CMに仕掛けた「違和感」で、ソーシャルへ話題を提供
キャンペーンのクリエイティブと、ソーシャル経由のプロモーションを手がけた同社の亀田郷平氏は、若者の嗜好とトレンドへの嗅覚において「時として広告代理店以上」と、上司の森氏をうならせる存在だ。そのインサイトの源泉には、登録会員がバイトを探していない期間(=休眠期間中)にブランドとの接点を作り出すという位置づけの女子高生向けWebマガジン「Emmary(エマリー)」の運用が存在する。
今回キャンペーンの第1弾として制作したテレビCMに起用されたのは、2017年公開の映画『君の膵臓をたべたい』で主演した女優・浜辺美波と、年初アニメ化したマンガ『ポプテピピック』だった。「an」のターゲット層と同年代の旬なヒロインと、過激な言動が人気のマンガキャラのコラボレーションは「ソーシャルでつい話題にしたくなる違和感を狙った」(亀田氏)ものだという。
\#バイトデビューはanがあんじゃん!/#浜辺美波 さん×#ポプテピピック
— バイトデビューは「an」があんじゃん! (@weban) 2018年4月10日
異色コラボによる「an」新CM公開!
歌の担当は #吉田凜音 さん♪
フォロー&リツイートで浜辺美波さんのサイン入りクリアファイルを20名様にプレゼント!
詳しくは⇒https://t.co/T9ihwbGNCO pic.twitter.com/sBsRj37lL8
初回のキャンペーンは4月中旬から2週間にわたり、テレビCMや交通広告、YouTubeの動画広告、さらにTwitterをはじめとするソーシャル経由のプロモーションで展開。マスとデジタルの広告予算比は「7対3」でスタートした。
アプリDL数が前年比1.7倍に/熱気の“成分”をTwitterから分析
異色のコラボで話題をさらうキャンペーンの目論見は、みごとに的中した。第1弾のテレビCM放映期間中、「an」公式アプリのダウンロード数は前年同期比1.7倍を記録。Webでの「an」の指名検索数も、同1.4倍と急増した。

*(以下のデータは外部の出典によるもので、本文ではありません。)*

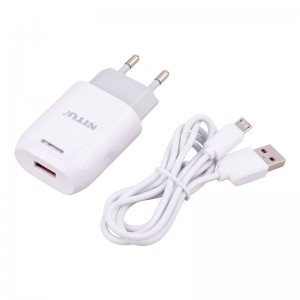 شارژر دیواری 12 وات نیتو NT-TC033 2.4A + کابل میکرو یو اس بی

この熱気に含まれる、いわば“成分”の分析に用いられたのがSalesforce Marketing Cloudの「Social Studio」だった。Social Studioは、Twitter、YouTube、Facebook、Instagramなど、8種類のソーシャルメディアのアカウントを一元管理できるマーケティングプラットフォームで、投稿コンテンツのパフォーマンスを可視化し、計画的なソーシャル運用を実現する。またキーワード検索により、自社商品・サービスに関する投稿をリアルタイムで発見。テキスト・画像分析により、消費者の動向を瞬時に捉えることが可能だ。現在28言語に対応しており、世界中のソーシャルメディアをリスニング対象のデータベースに格納している。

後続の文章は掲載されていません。